なんて言っても、納得してはもらえないだろう。
「倉井さん、キミは榊原さんに化粧品を貸したりしたことは?」
「一度メイクを教えたことはあるけど……」
「貸したり、あげたりはしてないんだね?」
「ええ……」
「さて。指紋やら何やら、証拠はいくらでも出てくると思うけど、どうする?」
「…………盗んだのよ」
榊原は顔をゆがめて、吐き捨てるように言った。
「なんでそんな!
盗むだなんて!」
当然、倉井はとても怒るよね。
「でも、返そうとした。そうだね?」
俺はとっくみあいになるのを防ぐため、榊原に助け船を出す。
「はい……あの日、やっぱり返さなきゃって思って倉井さんの部屋に……。
そしたら悲鳴が聞こえて……」
「なるほどね。
じゃあ次に先生」
「ちょっと待って!
化粧品泥棒の話は今ので終わり!?」
憤る倉井を俺は手で制した。
「悪いけど、ただの窃盗に興味は無いんだ。
さっきも言ったろ?」
「そんなっ!」
「それとも、ルームメイトの死より、化粧品の方が大事かい?」
「そ、そんなことないわ……」
「じゃあ今はおさえて。
このあと、警察に言うなり、先生に言うなりすればいいから」
彼女達二人のどちらかが犯人であれば、それどころじゃないだろうけど。
「では改めて、北村先生」
「はい……なんでしょう」
「あなた、被害者に嫉妬してましたね?」
「私が生徒に? ありえません」
北村教諭は鼻の横をぴくりとふるわせた。
そこそこの美人が台無しな表情だ。
「どんな嫉妬か、とは聞かないんですね。

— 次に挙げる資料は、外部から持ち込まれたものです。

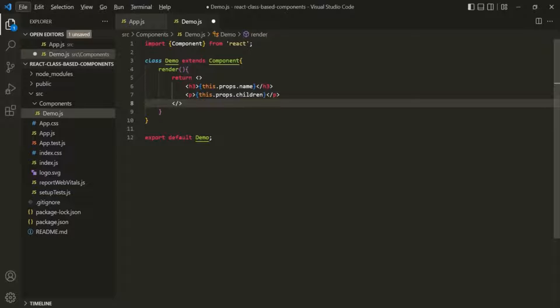When we work with a functional component, we use the useState React hook to manage states. But when working with a class-based component, we don't have React hooks.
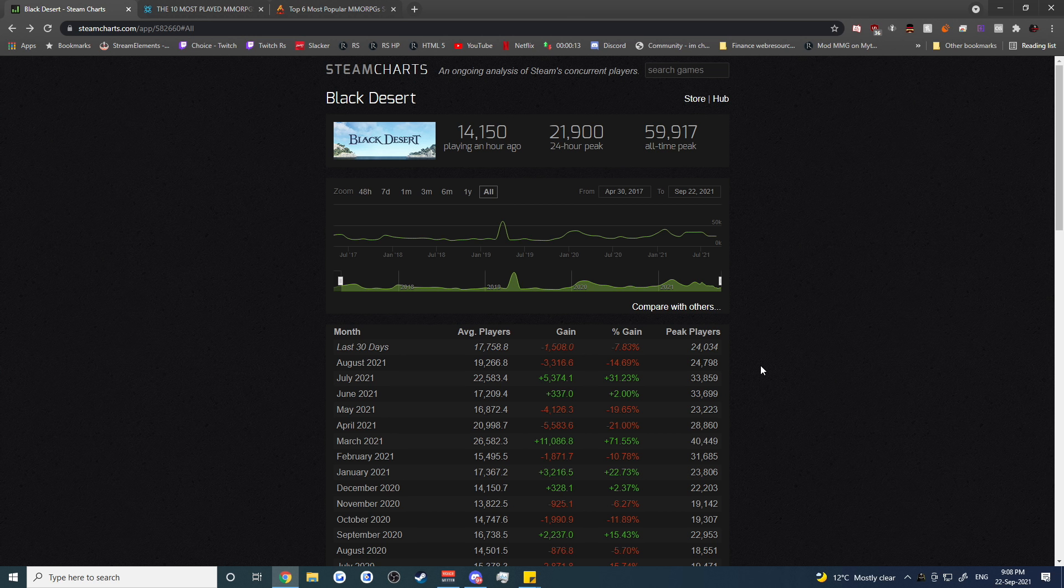The number of players on Steam I would have to assume is vastly below that of the client players. The reason for this is whenever they do free events where they give away the game for free, they're giving away the client version of the game because then they don't need to pay Steam the amount of money or do all that negotiation with Steam when they're trying to give the game away for free.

心当たりがあると?」
「……っ!
そりゃあ、高校生には若さでは敵わないし……。
でも、柳さんほどの美しさなら、嫉妬する気もおきないわ」
「そっちじゃないでしょ?」
俺の言葉に、北村教諭の顔が歪む。
「あなたは、プログラムの腕で柳さんに負けたのがとても悔しかったんだ」
「違う!」
「違わない。
あなたはウソが下手だな。
これは褒めてるんですよ」
「ウソじゃないわ!」
「北村先生、あなたこの学園に勤める前は、天才美人プログラマーとしてメディアに取り上げられてましたね」
ちょっとネットで調べれば、すぐに出てくる情報だ。
「ええ……」
「だが、その天才性も長くは続かなかった。
だからさっさと引退して教員になった。
しかし、柳さんは本当の天才だった。
自分とは明らかにレベルの違う天才。
あなたは打ちひしがれただろう。
自分が教えたわけでもないのに、ぐんぐんのびる。
だから、あなたは勝負を愛弟子にかけることにした。
榊原さんにね」
「榊原さんも大事な生徒よ。
指導するのはあたり前です」
「彼女は特に、でしょ?
ソースコードを見ればわかる。
クセがそっくりだ。他の生徒達とは異なる部分でね。
授業以上のことを彼女にだけは教えていたということだ」
「優秀な子に応用を教えていただけよ!」
「プログラムの高校生世界大会。
榊原さんは史上初の3連覇も狙えると言われていたそうですね。
でも、柳さんが出れば確実に阻まれる。
それを阻止したかったんじゃないか?」
「だから殺したって?
そんなわけないでしょ!」
俺はそこでちらりとミカを見る。
「『奴ら』なら十分動機になるわ。彼女が犯人?」
ミカは小声で俺にささやいた。
それに対し俺は、どちらとも答えない。
「殺す計画は立てていたんだろ?
部屋の前までは行ったようだがね。
化粧品を返すというのを、部屋を訪れる口実にして」
「バカバカしい。
仮に柳さんを殺すにしても、わざわざ部屋の中で殺す意味はないし、部屋に行くのに倉井さんを訪ねる必要もないわ」
単純に考えるなら、北川教諭の言う通りだ。
「トリックを考えていたんだろう?
あなた達は、倉井さんが化粧品をとても大事にしていたと知っていた。
盗んだと言えば激昂するだろうとも予想がついた。
大声をあげるだろうね。
部屋に誰がいるか知らない人にとっては、まるで倉井さんと柳さんが喧嘩をしているように聞こえるかもしれない」
「そうか! 倉井さんに罪を着せようと!」
ミカが「正解でしょ!」と言わばかりに手を打った。
「という、ずさんな計画を立てたんだろう」
「完璧な計画だったわ!
――あっ」
うっかり口を滑らせたのは北川だ。